If you were to ask Kate of 2009 what the most important thing for success was, she would have probably told you stellar writing skills, a better editor and an even better literary agent.
Then again, if you were to ask Kate of 2009 if she could see herself being a business journalist, freelancing, maintaining two blogs, and planning on getting certified as a yoga instructor, she would have looked at you like this:
Five years later, however, both things have changed. I’m loving my job as an associate editor for Mediatec Publishing, I’ve have had two major freelance articles published, this blog and my site 2014: A Film Odyssey are going strong, and this month I’ll start my journey toward becoming a yoga teacher.
But apart from realizing that I’m capable of more than 18-year-old Kate thought she ever could be, I’ve also learned that maybe writing skills aren’t the key to success as a journalist. In fact, the more I report on human resources, professional development programs and company cultures — as well as study my own career growth and workplace — the more I realize that knowing the how-tos of a job is just the beginning. Being a good writer might have gotten me my position, but it doesn’t necessarily guarantee success.
Similarly, walking into a yoga studio, unrolling your mat and breathing through ujjayi, or “breath of the ocean,” will get you started, but it doesn’t mean you’ll survive your practice.
Instead, the most marketable and important skill to have in pretty much any profession is the same skill that’s required for yoga: flexibility.
Here’s an example of being flexible (adaptable, versatile, accommodating, etc.) that just happened to me the other day.

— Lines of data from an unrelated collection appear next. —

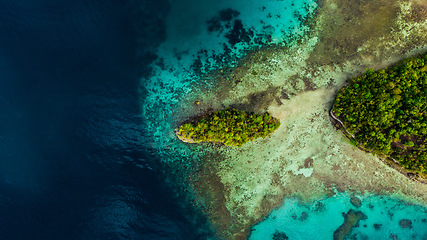 Image showing Drone, island and water for travel, adventure and exploring nature from above. Empty, paradise and top view of tropical nature, beauty and scenery in Indonesia for traveling, tourism and vacation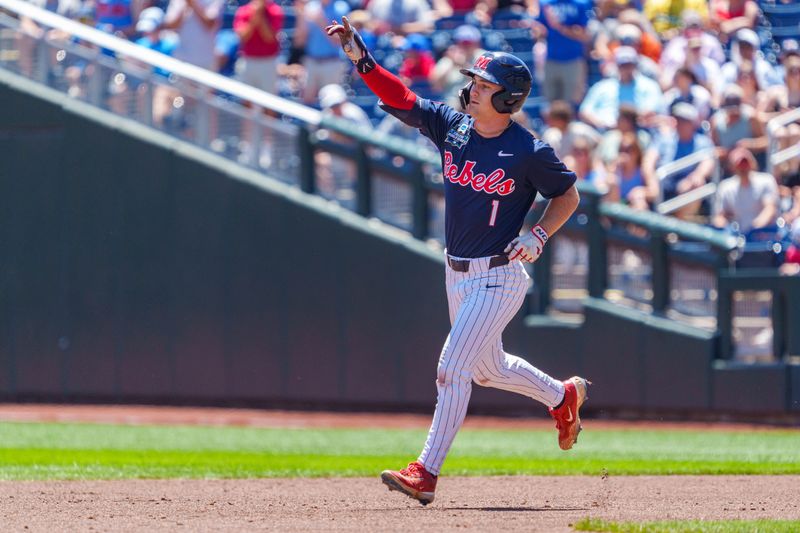 Jun 14, 2026; Omaha, NE, USA; Mississippi Rebels left fielder Brayden Randle (1) celebrates after hitting a two-run home run against the Troy Trojans during the second inning at Charles Schwab Field. Mandatory Credit: Dylan Widger-Imagn Images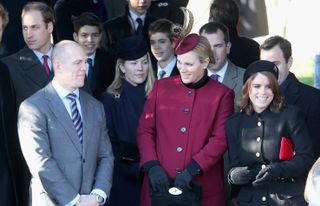 Zara Phillips and Mike Tindall leave the Christmas Day service at Sandringham on December 25, 2013 in King's Lynn, England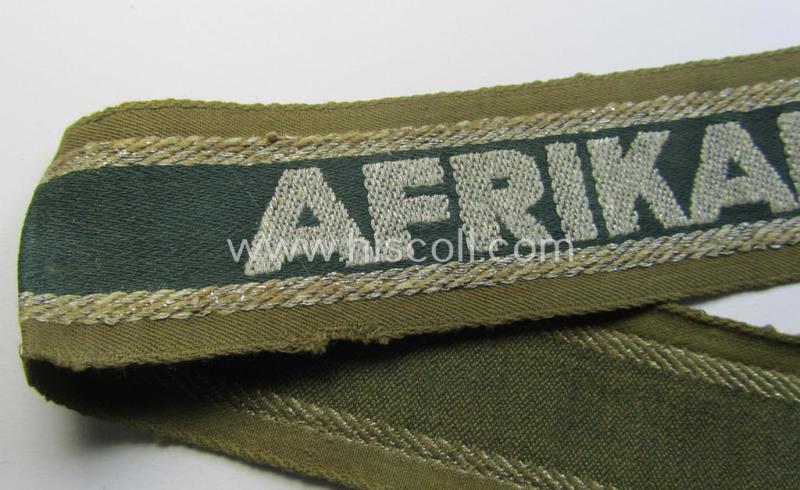 Attractive, 'BeVo'-like cuff-title (ie. 'Ärmelstreifen') entitled: 'Afrikakorps' being a with certainty issued and truly worn example that comes in an overall nice- (ie. minimally shortened-  and/or once tunic-attached-), condition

We had a feature for our November issue fall through, so I volunteered to turn my short news piece on Starbucks’ new tuition assistance plan into a 2,000 word piece on how paying employees’ college fees helps organizations develop their leadership pipeline and retain top performers.
Flip (or rather, chaturanga, down dog, forward fold and reverse swan dive) back to yoga class — you might walk into a class barely able to reach your toes, but you’ll still survive it. You just won’t have as much fun.
You probably won’t have that much fun at work, either, come to think of it. Being flexible doesn’t just make you look good; it also benefits the people around you. My greatest weakness comes from a pestering desire to be Wonder Woman. I’m not talking about wanting to wield a Lasso of Truth, fly an invisible plane and fight bad guys — although that’s definitely on the agenda, too — but rather wanting to be the savior of every crisis. Adaptability has helped me be that on several occasions, which might not be good for my ego but is definitely beneficial to my coworkers when they need help. The more you let yourself adapt to what your employer and coworkers need, the more you find yourself able to perform better. As much as it’s important to be able to adapt, it’s even more important to be willing to be flexible and change your plan of attack if it means improving your team’s performance and final product.*
*Again, I point to that November feature I last-minute pitched. Holy Amazon, Batman! Have I started to become Wonder Woman?
And here’s one last great thing about how flexibility is one of the most marketable skills and important things to have in the big-kid world of professionalism. Every day I learn more about learning — how companies develop their employees’ leadership skills, production methods, technical know-how, etc. — and I’ve come to the conclusion that the only way for those lessons and programs to have an impact is if employees are willing to, as Sheryl Sandberg would say, “lean in.” Being brittle isn’t going to let you improve your capabilities or develop new ones, so employees who can be flexible to changes in workplace culture or alterations to their job descriptions are a company’s most valuable asset. In yoga, the only way you’re going to get into that full-blown plow pose is if you keep pushing your limits. At work, the only way you’re going to grow is by reaching beyond your limits. And the only way you do that is by wanting to do that.
Once you learn to be flexible, the only limits ahead of you are the walls of your future corner office. Or at least the edges of your yoga mat.
This post was written in response to a request from Webucator, an online learning company currently running a blog campaign. Their community manager reached out to me a few weeks ago requesting I write about what I thought was the most marketable skill for recent college grads. Seeing as I’m only a year out from being in their shoes, I thought I’d help out.